Zero temperature damping of Bose-Einstein condensate oscillations by vortex-antivortex pair creation
Petr O. Fedichev, Uwe R. Fischer, Alessio Recati

TL;DR
This paper studies how vortex-antivortex pairs are created in a 2D Bose-Einstein condensate at zero temperature, leading to nonexponential decay of oscillations, and links this to quantum electrodynamics analogies.
Contribution
It introduces the concept of vortex-antivortex pair creation as a dominant damping mechanism in condensate oscillations at zero temperature.
Findings
Decay of oscillations is nonexponential.
Dissipation rate depends strongly on oscillation amplitude.

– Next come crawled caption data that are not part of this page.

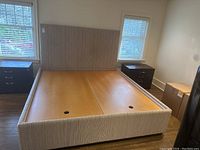 Full frontal view of the king size upholstered bed frame with headboard in a neutral beige fabric, showing wooden mattress support panels with circular cutouts.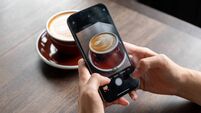 Hands woman using Iphone 13pro taking photo of a cup of latte in cafe for post in social media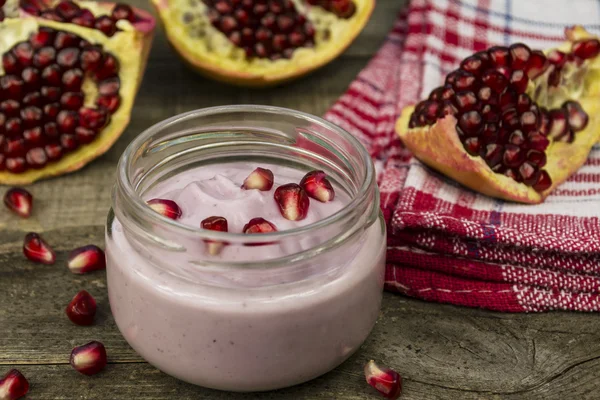 Granaatappel yoghurt en granaatappel zaden op een tafel — Stockfoto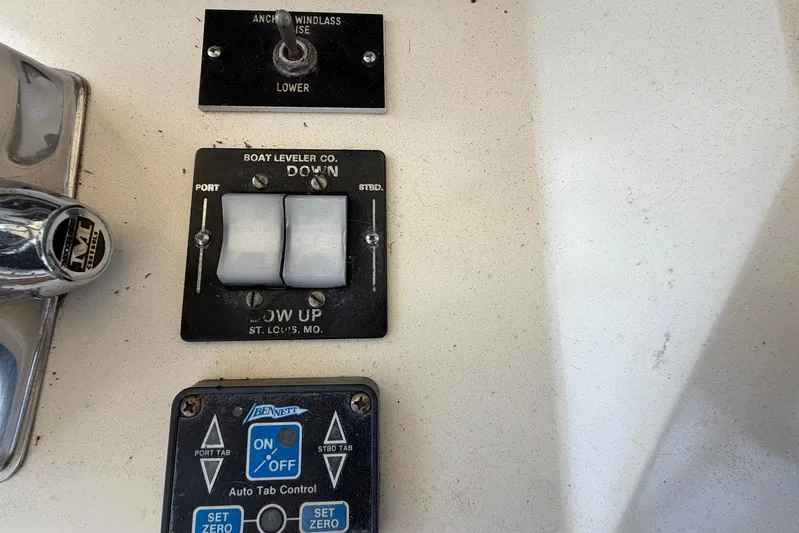 Frayed Knot Yacht Photos Pics Control panel of a 1987 Viking 44 Motor Yacht with switches and buttons.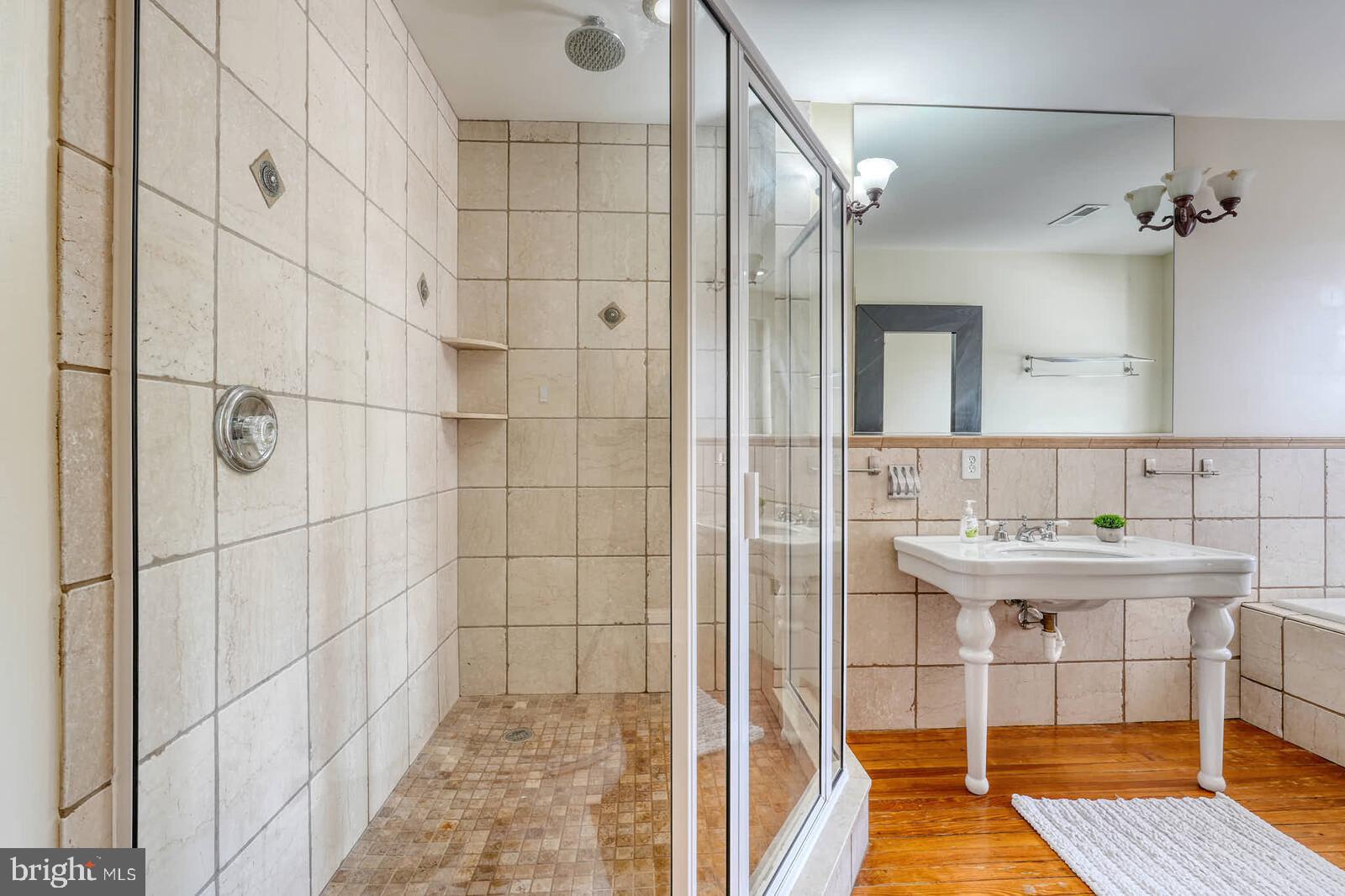 1402 Light Street Baltimore, MD 21230 - Photo 28 of 60 a bathroom with a sink and a mirror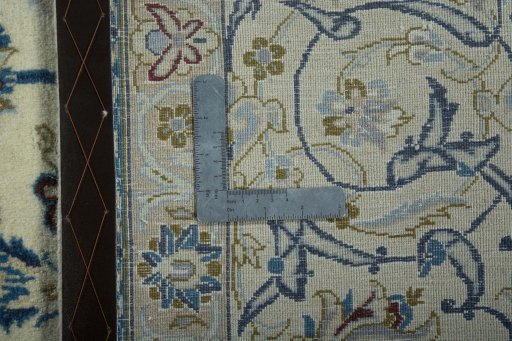 Backside of handmade 2000s Nain rug showing knot structure and weave density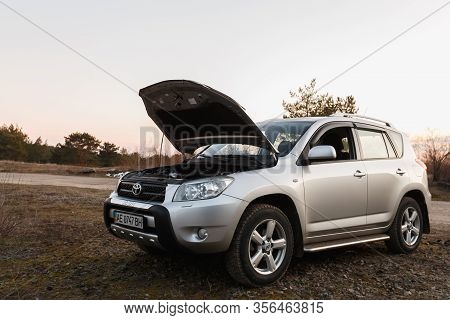Dnipro, Ukraine - February 19, 2020: Toyota Rav4 2006 Gray Color With Open Hood Near The Forest, Ope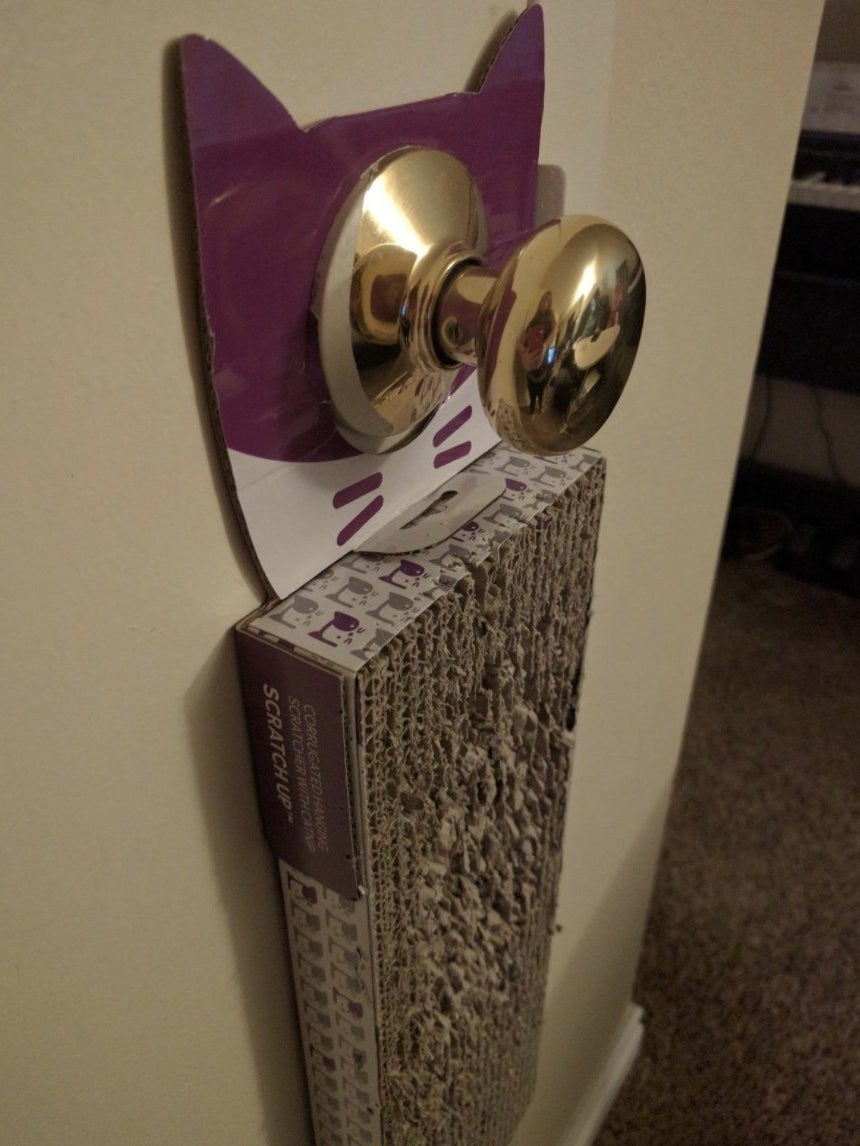 A cardboard cat scratcher handing on a bedroom doorknob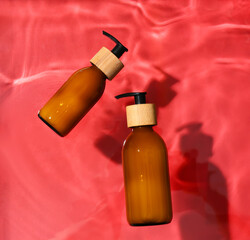 Bottles of cosmetic product in water on red background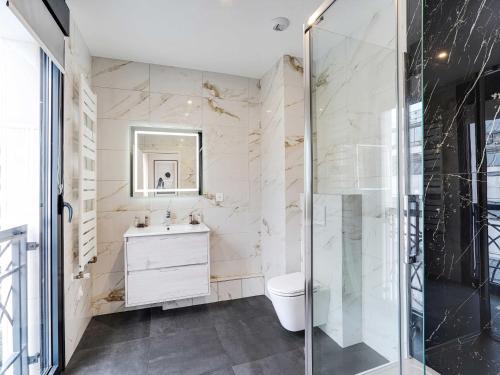 une salle de bain avec toilettes et douche en verre dans l'établissement Studio Sleek & Refined - Levallois-Perret, à Levallois-Perret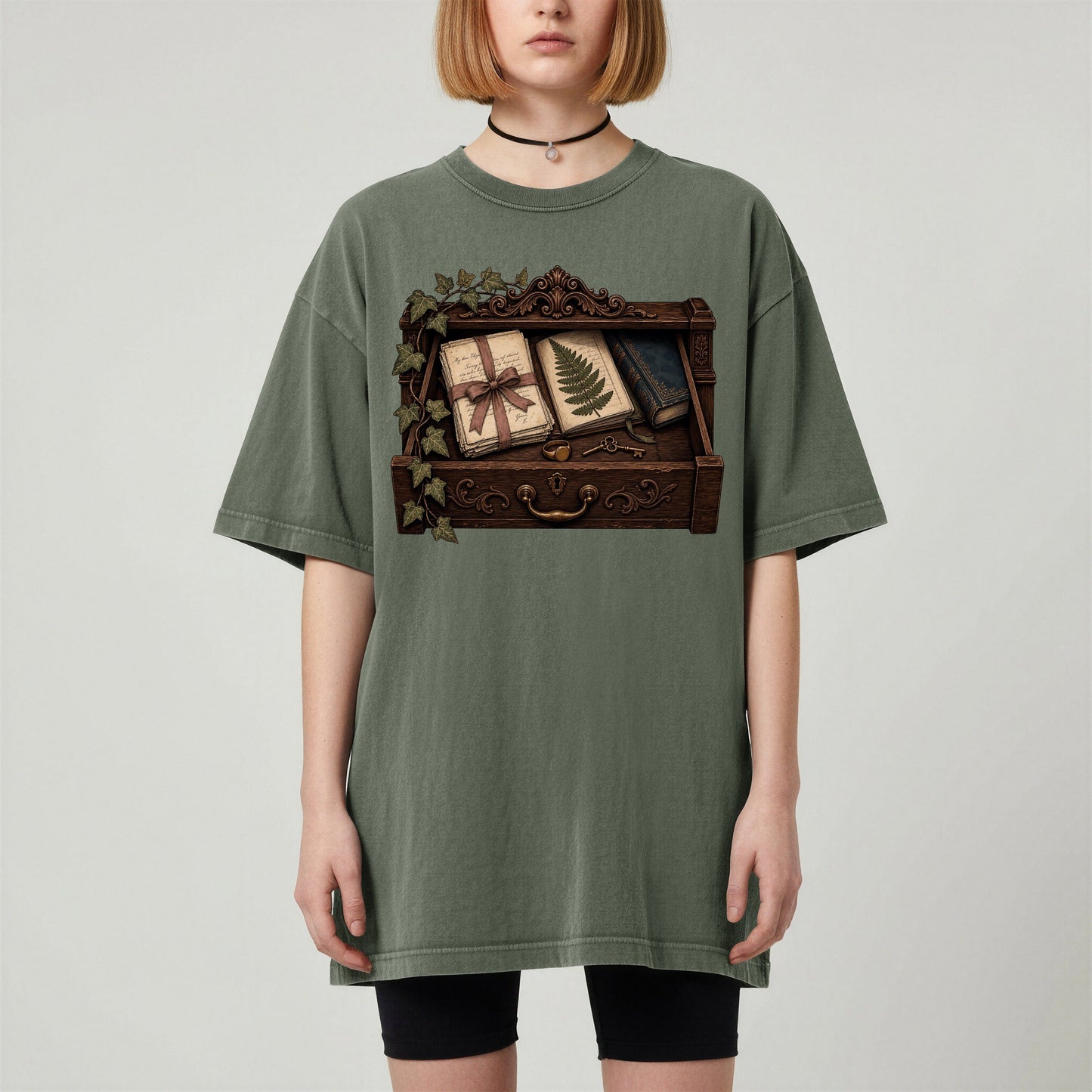 Reader's Keepsake Drawer bookish tee in Moss, worn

Experimental observation can confirm the hydrodynamical analogy.
Abstract
We investigate vortex-antivortex pair creation in a supersonically expanding and contracting quasi-2D Bose-Einstein condensate at zero temperature. For sufficiently large amplitude condensate oscillations, pair production provides the leading dissipation mechanism. The condensate oscillations decay in a nonexponential fashion, and the dissipation rate depends strongly on the oscillation amplitude. These features allow to distinguish the decay due to pair creation from other possible damping mechanisms. Experimental observation of the predicted oscillation behavior of the superfluid gas provides a direct confirmation of the hydrodynamical analogy of quantum electrodynamics and quantum vortex dynamics in two spatial dimensions.